Data Preparation

Data Preparation refers to the process of integrating data sources, clean and transform data into formats that are ready for reporting and analysis.

Introduction#

Your company has a lot of data from multiple sources (multiple application databases, google sheets, excel files, 3rd party sources etc). You need to combine these sources to build reports and draw business insights.

In order to do this, these data need to be combined into a single place (database). That is the data warehouse, and the process/flow in which the data is regularly synced is called the data pipeline.

At the simple high level, there are 4 steps to build this process:

  1. Setup Data Warehouse: A database is setup and configured to be a data-warehouse
  2. Load/Import Data from multiple sources into a central database (data warehouse)
  3. Summarize/Transform Data: Data in data-warehouse are then pre-processed, summarized to aggregated tables for faster queries
  4. Data Reporting: A data reporting/BI tool is then connected to your data warehouse to build reports and dashboards

Building The Pipeline#

With Holistics Data Preparation, the steps to build the data pipeline are as follows:

1. Setup Data Warehouse#

Customer will setup a database on their own server to be a data-warehouse. This database is where all the data will be loaded into and summarized for analytics.

If your data is not big, you can start with simple database like PostgreSQL, SQL Server, etc. When your data grows, you can move to other platforms like Amazon Redshift, Google BigQuery, etc.
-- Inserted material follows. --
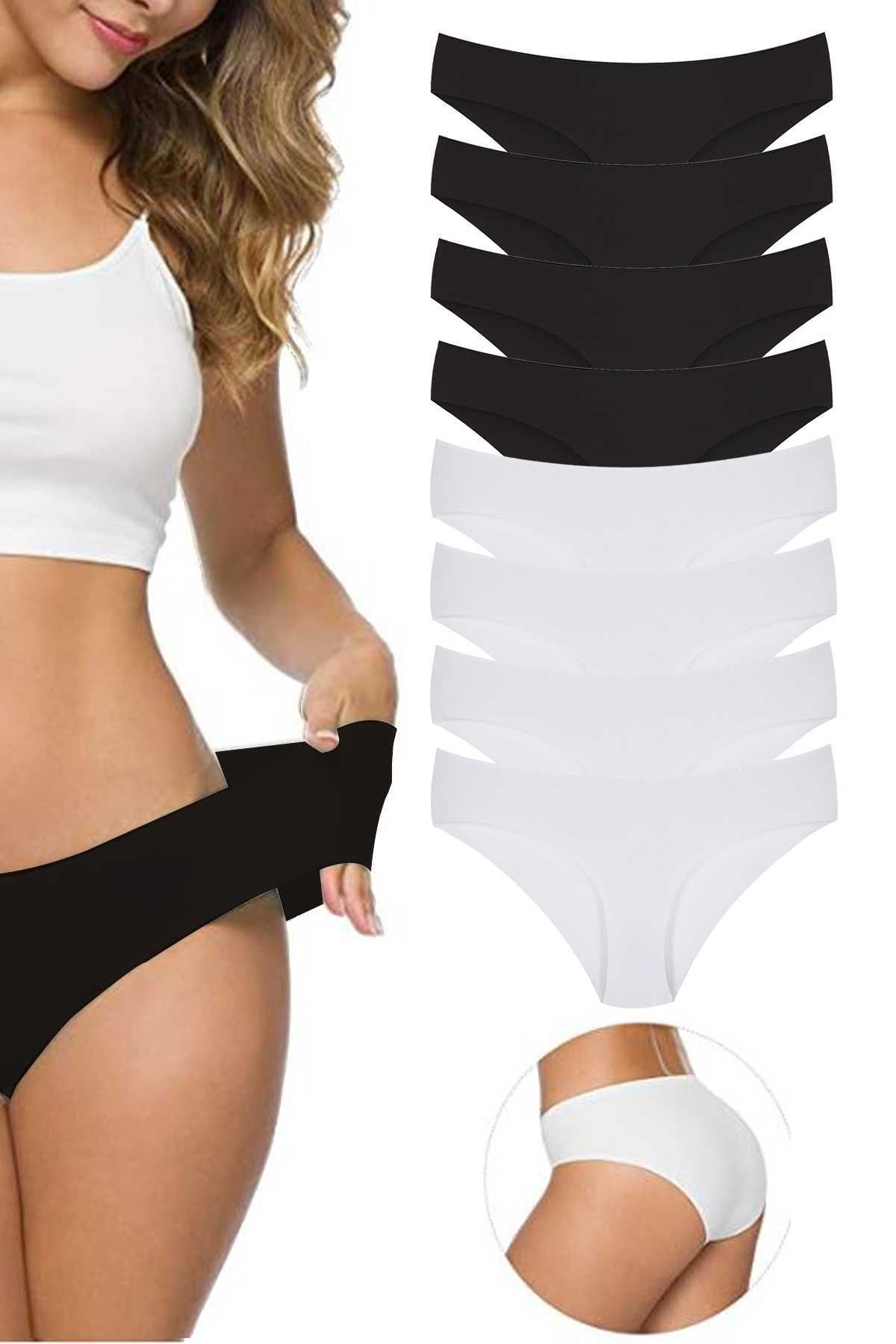 Shop58 8 Adet Kadın Dikişsiz Lazer Kesim Esnek İz yapmayan Külot S1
2. Sync Production DB to Data Warehouse#

Configure Holistics Data Transports to sync data from your production database into your data warehouse. Standard practice is to sync daily, but you can configure to sync it more regularly.

At this stage, your data warehouse is ready and already have data from your production database. You can immediately hook Holistics Reporting into the data-warehouse to build reports and dashboards.
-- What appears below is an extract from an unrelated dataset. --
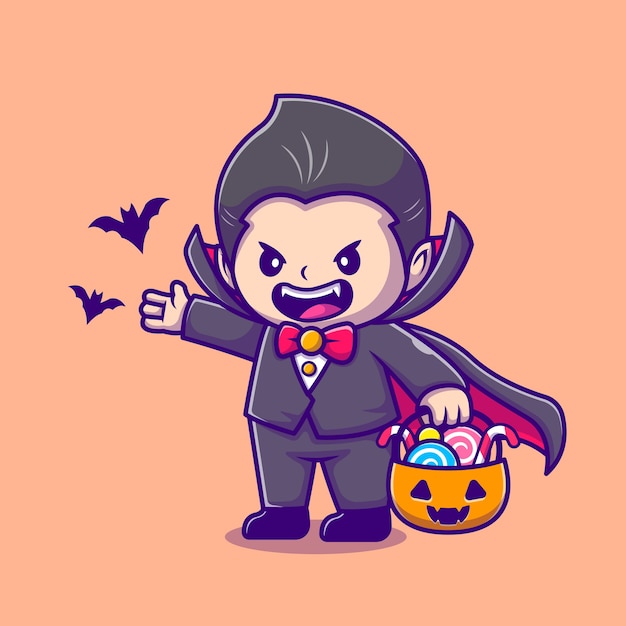 Ładny Dracula trzymając kosz dyni z cukierków i nietoperzy ikona ilustracja kreskówka. Koncepcja ludzie wakacje ikona na białym tle. Płaski styl kreskówki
3. Sync Spreadsheets to Data Warehouse#

If you have regular Excel, Google Sheets you want to sync into the data warehouse, Holistics Data Imports can be set up to sync these data.

4. Summarize / Transform Data#

When your data gets big or complicated, you will want to pre-summarize data. This is when you can use Holistics Data Transforms to summarize data from raw tables into summarized tables.

Let’s walk through an example after the pipeline is setup:

  • Everyday after midnight, data from application databases and different data sources are copied to your data warehouse. Your data warehouse should have all data for yesterday.
  • Right after, these data are then transformed and summarized into summarized tables
  • In the morning, when the team starts, they can log in to dashboards and see the up-to-date data for yesterday. Since the tables are summarized, accessing these reports are fast

Benefits#

Benefits of using Holistics Data Preparation:

1. Agile and Flexible#

The process is designed such that when a new report requirement comes in, Data team can easily import new tables to data warehouse and immediately build reports out of it (agile).

There is no need to analyze, plan and design the data warehouse (waterfall model) that might take weeks to implement.

2. Total Data Control#

Data from reporting to data-warehouse sits on customer’s data infrastructure; customer has total flexibility in choosing the data-warehouse technology, or when the data grows, they can easily scale up/scale down the database on their own terms.

3. No Coding Required#

Customers don’t need to write code to build data-warehouse.